The problem =>
Could you return the data that follows exactly, minus the images?

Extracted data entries
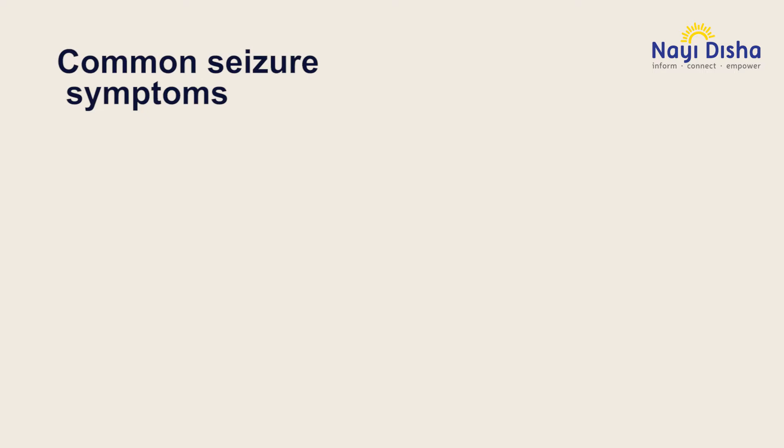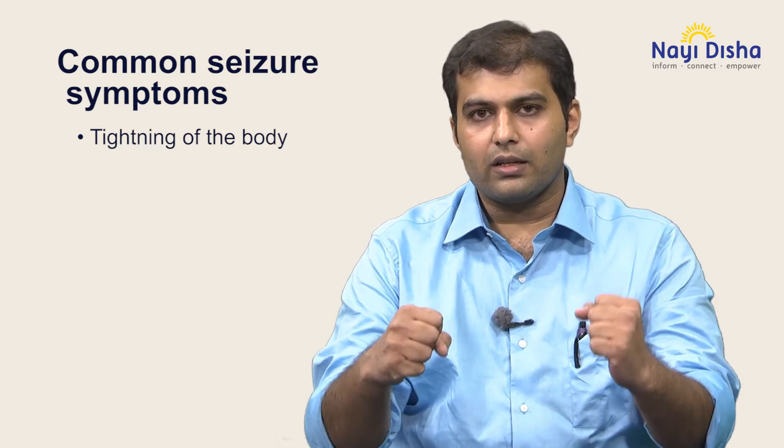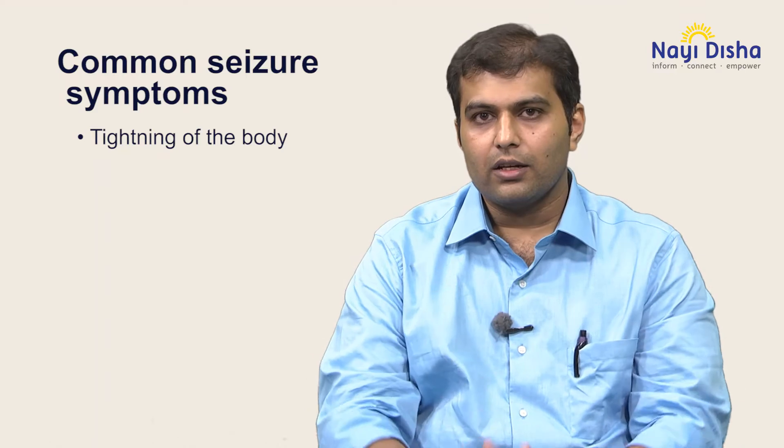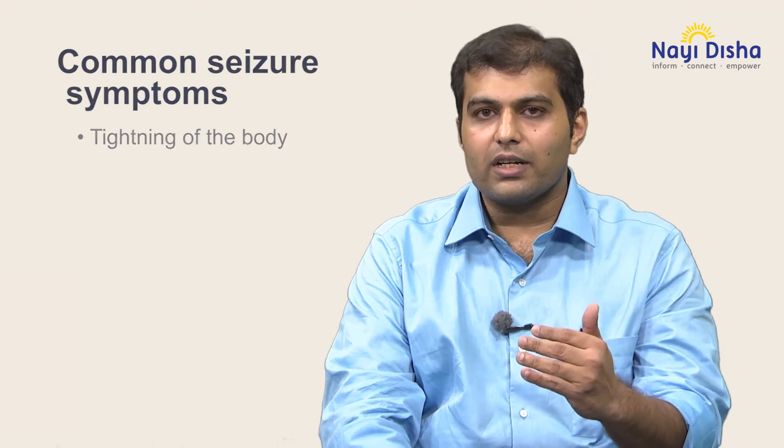In order to provide appropriate first aid, it is essential to recognize a seizure episode. Let us understand how a typical seizure looks like. What everybody understands as a type of seizure, the two common types would be the tightening of the body and the other common type is jerking of the body, where the hands and feet are jerking. These are the two common subtypes of the seizure which people usually do not miss.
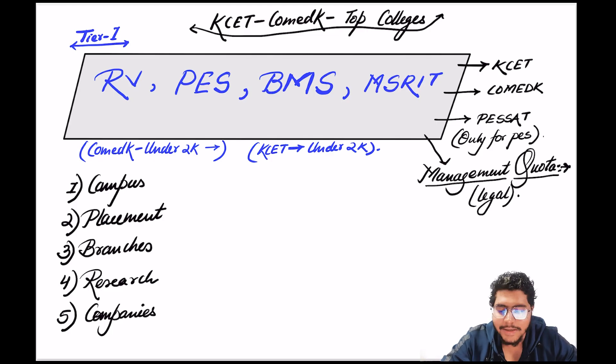Hello students, welcome to SAN class. Today we're going to talk about the most important thing — the top colleges that you can get through CET or COMED-K. Let us first understand what is a good college, what is a bad college, and how do we classify them. While searching through Google it was very difficult because everywhere the list is different — top 10, top 15, top 20 colleges of CET — and the ranking is way haywire.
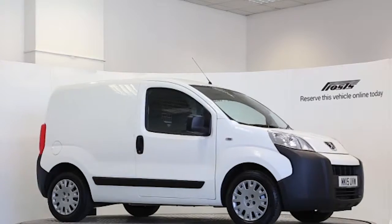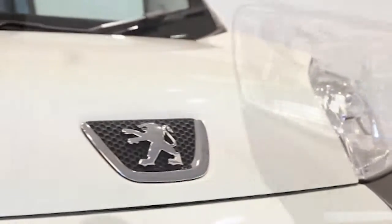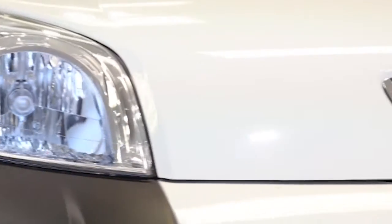Here we have a 2015 registered Peugeot Bipper 75 Professional with a 1.3 litre manual transmission diesel engine. The van is finished in Bianca white.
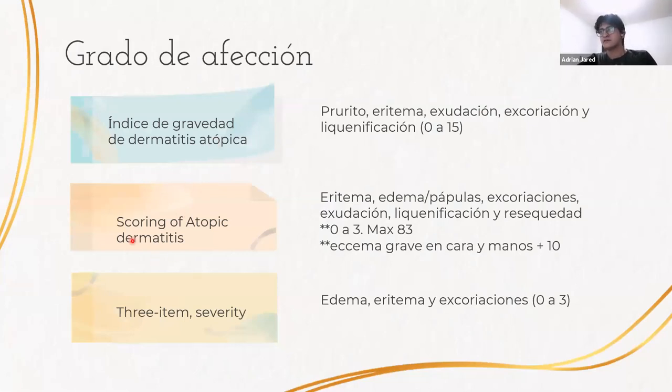Con respecto al grado de afección, hay diversas escalas. La más importante es el Scoring of Atopic Dermatitis (SCORAD), en el que se consideran: eritema, edema o pápulas, excoriaciones, exudación, liquenificación y resequedad. A cada manifestación se le da de 0 a 3 puntos, con un máximo de 83. Si hay eczema grave en cara y manos, se suman 10 puntos. La extensión de las lesiones se mide con base en la regla de los 9, que también se usa para evaluar la gravedad en quemaduras.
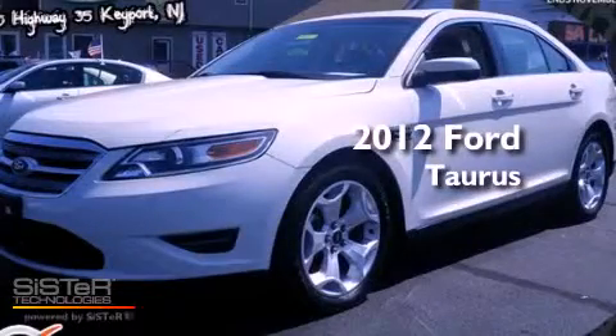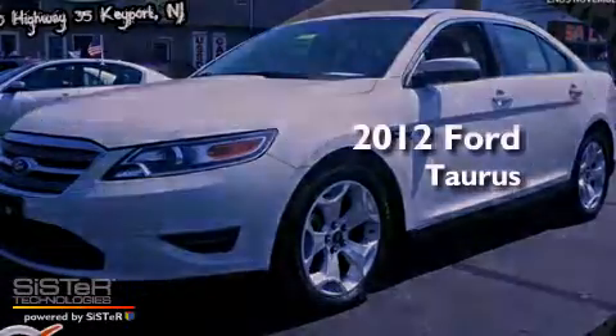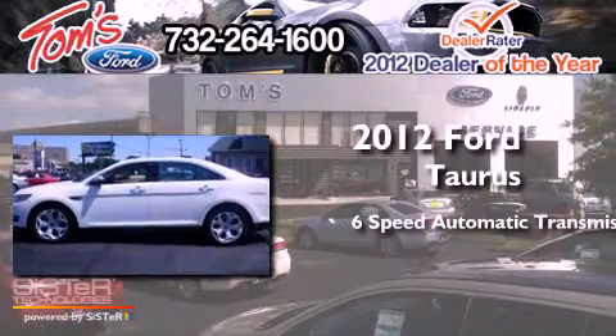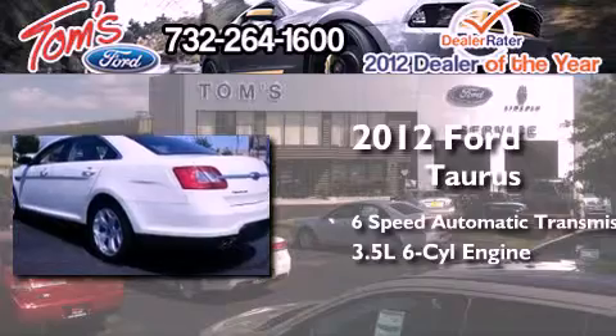This is a 2012 Ford Taurus. This four-door sedan has a six-speed automatic transmission and a 3.5 liter V6.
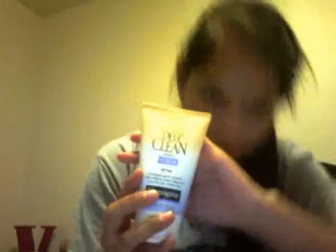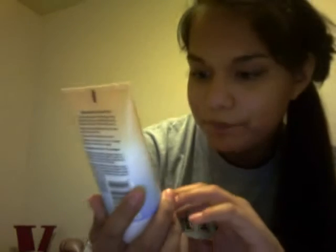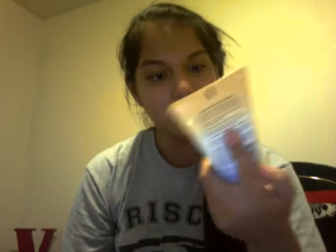First of all, I've been in love with this Neutrogena Deep Clean Scrub. My mom got me this. It's oil free, it has microbeads in it, and it just cleans your skin and your pores. It's for soft, smooth skin, and it makes your skin look super soft. I love it. It's not as big as you think.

Response area =>
In order to provide appropriate first aid, it is essential to recognize a seizure episode. Let us understand how a typical seizure looks like. What everybody understands as a type of seizure, the two common types would be the tightening of the body and the other common type is jerking of the body, where the hands and feet are jerking. These are the two common subtypes of the seizure which people usually do not miss.
Hello students, welcome to SAN class. Today we're going to talk about the most important thing — the top colleges that you can get through CET or COMED-K. Let us first understand what is a good college, what is a bad college, and how do we classify them. While searching through Google it was very difficult because everywhere the list is different — top 10, top 15, top 20 colleges of CET — and the ranking is way haywire.
Here we have a 2015 registered Peugeot Bipper 75 Professional with a 1.3 litre manual transmission diesel engine. The van is finished in Bianca white.
Con respecto al grado de afección, hay diversas escalas. La más importante es el Scoring of Atopic Dermatitis (SCORAD), en el que se consideran: eritema, edema o pápulas, excoriaciones, exudación, liquenificación y resequedad. A cada manifestación se le da de 0 a 3 puntos, con un máximo de 83. Si hay eczema grave en cara y manos, se suman 10 puntos. La extensión de las lesiones se mide con base en la regla de los 9, que también se usa para evaluar la gravedad en quemaduras.
This is a 2012 Ford Taurus. This four-door sedan has a six-speed automatic transmission and a 3.5 liter V6.
First of all, I've been in love with this Neutrogena Deep Clean Scrub. My mom got me this. It's oil free, it has microbeads in it, and it just cleans your skin and your pores. It's for soft, smooth skin, and it makes your skin look super soft. I love it. It's not as big as you think.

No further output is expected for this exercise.